_ACTIVITY_: The lines from the first line of the entries through the line containing "Coil elektronisk til" are to be repeated exactly, with both of those lines included.

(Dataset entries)
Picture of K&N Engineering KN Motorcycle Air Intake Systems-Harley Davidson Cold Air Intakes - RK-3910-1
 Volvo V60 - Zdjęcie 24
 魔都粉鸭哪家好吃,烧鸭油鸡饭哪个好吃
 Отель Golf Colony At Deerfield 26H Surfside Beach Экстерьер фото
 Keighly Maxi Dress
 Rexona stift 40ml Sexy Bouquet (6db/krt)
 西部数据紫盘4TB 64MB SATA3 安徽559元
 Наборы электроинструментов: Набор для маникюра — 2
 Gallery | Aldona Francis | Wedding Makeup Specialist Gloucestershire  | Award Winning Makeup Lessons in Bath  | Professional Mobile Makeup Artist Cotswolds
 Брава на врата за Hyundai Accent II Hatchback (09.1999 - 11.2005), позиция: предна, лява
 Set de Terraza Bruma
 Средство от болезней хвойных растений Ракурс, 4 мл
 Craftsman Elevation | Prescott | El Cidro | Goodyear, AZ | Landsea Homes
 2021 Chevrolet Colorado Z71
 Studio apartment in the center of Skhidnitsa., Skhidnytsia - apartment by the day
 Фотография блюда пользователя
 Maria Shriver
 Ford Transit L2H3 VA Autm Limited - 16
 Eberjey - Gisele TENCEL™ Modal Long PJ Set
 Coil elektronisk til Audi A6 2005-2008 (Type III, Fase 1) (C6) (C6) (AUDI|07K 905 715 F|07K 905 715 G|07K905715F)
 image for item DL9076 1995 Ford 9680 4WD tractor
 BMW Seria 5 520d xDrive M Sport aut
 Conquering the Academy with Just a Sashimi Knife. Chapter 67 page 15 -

_ANSWER BOX_:
Picture of K&N Engineering KN Motorcycle Air Intake Systems-Harley Davidson Cold Air Intakes - RK-3910-1
 Volvo V60 - Zdjęcie 24
 魔都粉鸭哪家好吃,烧鸭油鸡饭哪个好吃
 Отель Golf Colony At Deerfield 26H Surfside Beach Экстерьер фото
 Keighly Maxi Dress
 Rexona stift 40ml Sexy Bouquet (6db/krt)
 西部数据紫盘4TB 64MB SATA3 安徽559元
 Наборы электроинструментов: Набор для маникюра — 2
 Gallery | Aldona Francis | Wedding Makeup Specialist Gloucestershire  | Award Winning Makeup Lessons in Bath  | Professional Mobile Makeup Artist Cotswolds
 Брава на врата за Hyundai Accent II Hatchback (09.1999 - 11.2005), позиция: предна, лява
 Set de Terraza Bruma
 Средство от болезней хвойных растений Ракурс, 4 мл
 Craftsman Elevation | Prescott | El Cidro | Goodyear, AZ | Landsea Homes
 2021 Chevrolet Colorado Z71
 Studio apartment in the center of Skhidnitsa., Skhidnytsia - apartment by the day
 Фотография блюда пользователя
 Maria Shriver
 Ford Transit L2H3 VA Autm Limited - 16
 Eberjey - Gisele TENCEL™ Modal Long PJ Set
 Coil elektronisk til Audi A6 2005-2008 (Type III, Fase 1) (C6) (C6) (AUDI|07K 905 715 F|07K 905 715 G|07K905715F)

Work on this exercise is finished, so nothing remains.